In [1]:
!pip install gymnasium flappy-bird-gymnasium opencv-python
import torch
import torch.nn as nn
import torch.optim as optim
import numpy as np
import random
import cv2
from collections import deque
import gymnasium as gym
import flappy_bird_gymnasium


class FlappyDQN(nn.Module):
    def __init__(self, action_size=2):
        super(FlappyDQN, self).__init__()
        self.conv1 = nn.Conv2d(1, 32, kernel_size=8, stride=4)
        self.conv2 = nn.Conv2d(32, 64, kernel_size=4, stride=2)
        self.conv3 = nn.Conv2d(64, 64, kernel_size=3, stride=1)
        self.fc1 = nn.Linear(64 * 4 * 4, 512)
        self.fc2 = nn.Linear(512, action_size)

    def forward(self, x):
        x = x.float() / 255.0
        x = torch.relu(self.conv1(x))
        x = torch.relu(self.conv2(x))
        x = torch.relu(self.conv3(x))
        x = x.view(x.size(0), -1)
        x = torch.relu(self.fc1(x))
        return self.fc2(x)


def preprocess_frame(frame):
    if frame is None:
        return np.zeros((64, 64), dtype=np.uint8)
    gray = cv2.cvtColor(frame, cv2.COLOR_RGB2GRAY)
    resized = cv2.resize(gray, (64, 64))
    return resized.astype(np.uint8)


class Agent:
    def __init__(self, action_size=2):
        self.device = torch.device("cuda" if torch.cuda.is_available() else "cpu")
        self.action_size = action_size
        self.policy_net = FlappyDQN(action_size).to(self.device)
        self.optimizer = optim.Adam(self.policy_net.parameters(), lr=1e-4)
        self.memory = deque(maxlen=20000)

        self.gamma = 0.99
        self.epsilon = 1.0
        self.epsilon_decay = 0.99
        self.epsilon_min = 0.01
        self.batch_size = 64

    def select_action(self, state):
        if random.random() < self.epsilon:
            return random.randrange(self.action_size)
        with torch.no_grad():
            state_t = torch.as_tensor(state, device=self.device).unsqueeze(0).unsqueeze(0)
            return torch.argmax(self.policy_net(state_t)).item()

    def train(self):
        if len(self.memory) < self.batch_size:
            return

        batch = random.sample(self.memory, self.batch_size)
        states, actions, rewards, next_states, dones = zip(*batch)

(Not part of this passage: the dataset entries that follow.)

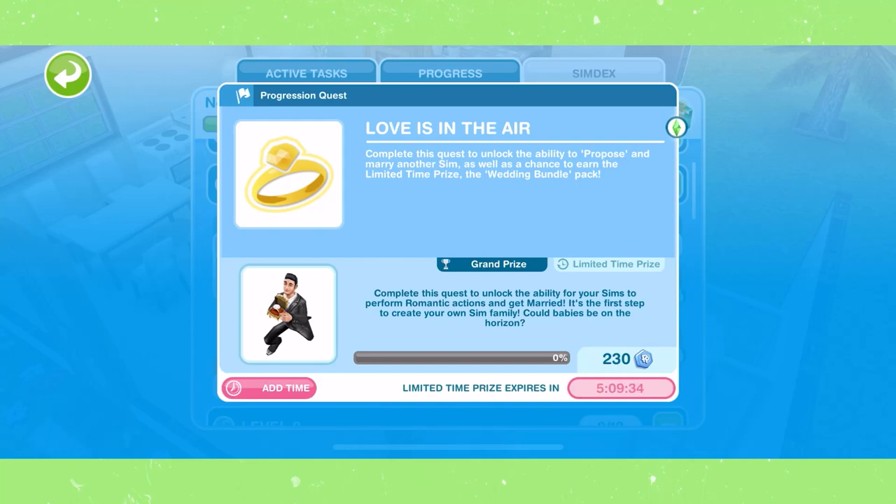Hello everybody, welcome back to the channel. My name is DMR Games and welcome back to our Sims Freeplay Progression Quest series, a series where I show you how to complete all the progression quests in the Sims Freeplay.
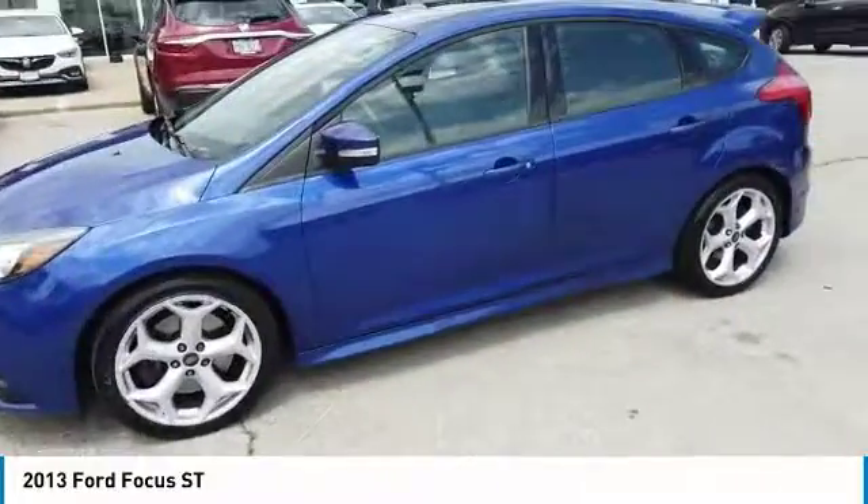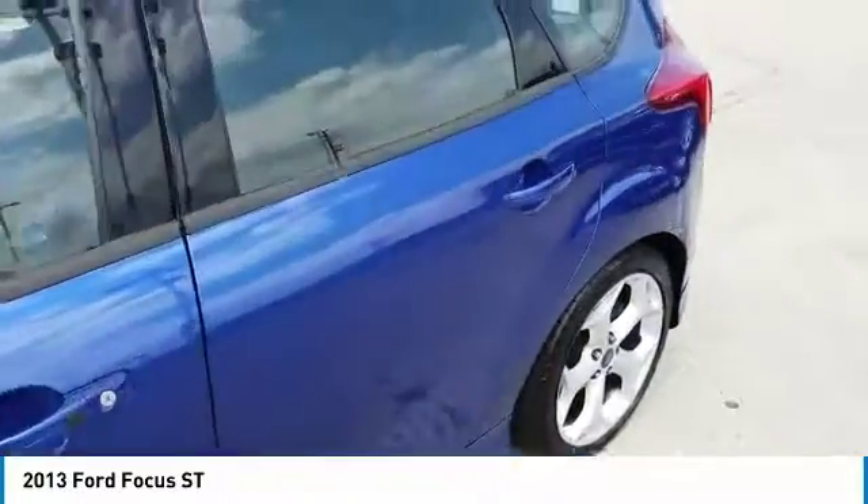This isn't just a vehicle, it's an experience. So stop in for a test drive today.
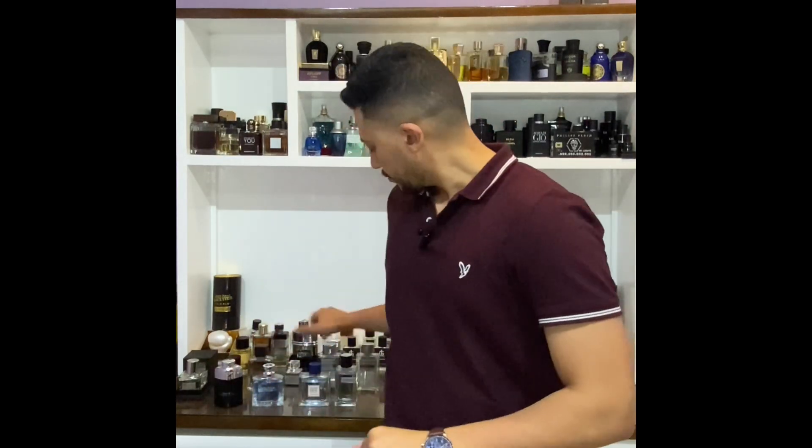The first one is a flanker from the famous Y line by YSL — it's the Y EDT. I actually love this fragrance. It's a lighter version of the EDP, not lighter in terms of performance — it has a good performance profile and longevity. This flanker was issued in 2016 by Dominique Ropion, but it got a lot of bad reviews because of performance, reportedly lasting only about 15 minutes.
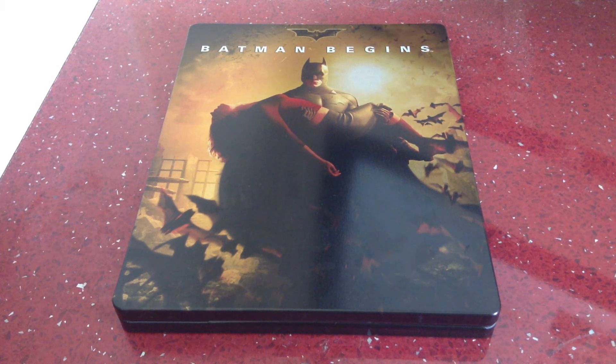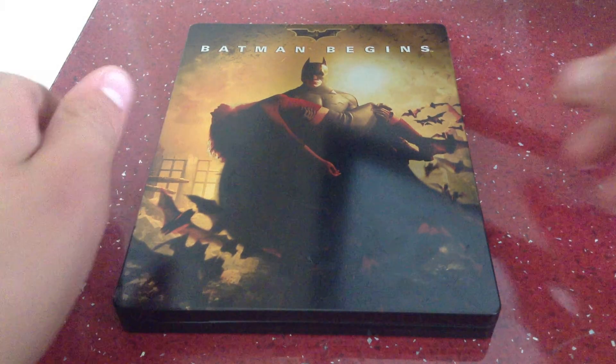Absolutely fantastic film. My least favourite out of the Nolan Batmans, but that doesn't mean anything — still an absolutely fantastic film. Great origin story and I'm really pleased to own this on Blu-ray Steelbook. I don't own it on Blu-ray or DVD so I'm really pleased to own it.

        states_t = torch.as_tensor(np.array(states), device=self.device).unsqueeze(1)
        actions_t = torch.as_tensor(actions, device=self.device).unsqueeze(1)
        rewards_t = torch.as_tensor(rewards, device=self.device, dtype=torch.float)
        next_states_t = torch.as_tensor(np.array(next_states), device=self.device).unsqueeze(1)
        dones_t = torch.as_tensor(dones, device=self.device, dtype=torch.float)

        current_q = self.policy_net(states_t).gather(1, actions_t).squeeze(1)

        with torch.no_grad():
            max_next_q = self.policy_net(next_states_t).max(1)[0]
            target_q = rewards_t + (self.gamma * max_next_q * (1 - dones_t))

        loss = nn.MSELoss()(current_q, target_q)
        self.optimizer.zero_grad()
        loss.backward()
        self.optimizer.step()


def evaluate_agent(agent, env, episodes=20):
    print("\n=== EVALUARE (multiple runs, epsilon = 0) ===")
    old_epsilon = agent.epsilon
    agent.epsilon = 0.0

    scores = []

    for ep in range(episodes):
        env.reset()
        state = preprocess_frame(env.render())
        done = False
        pipes_passed = 0

        while not done:
            action = agent.select_action(state)
            _, _, terminated, truncated, info = env.step(action)
            done = terminated or truncated

            pipes_passed = info.get("score", 0)
            state = preprocess_frame(env.render())

        scores.append(pipes_passed)
        print(f"Eval Episod {ep+1:02d} → Pipe-uri: {pipes_passed}")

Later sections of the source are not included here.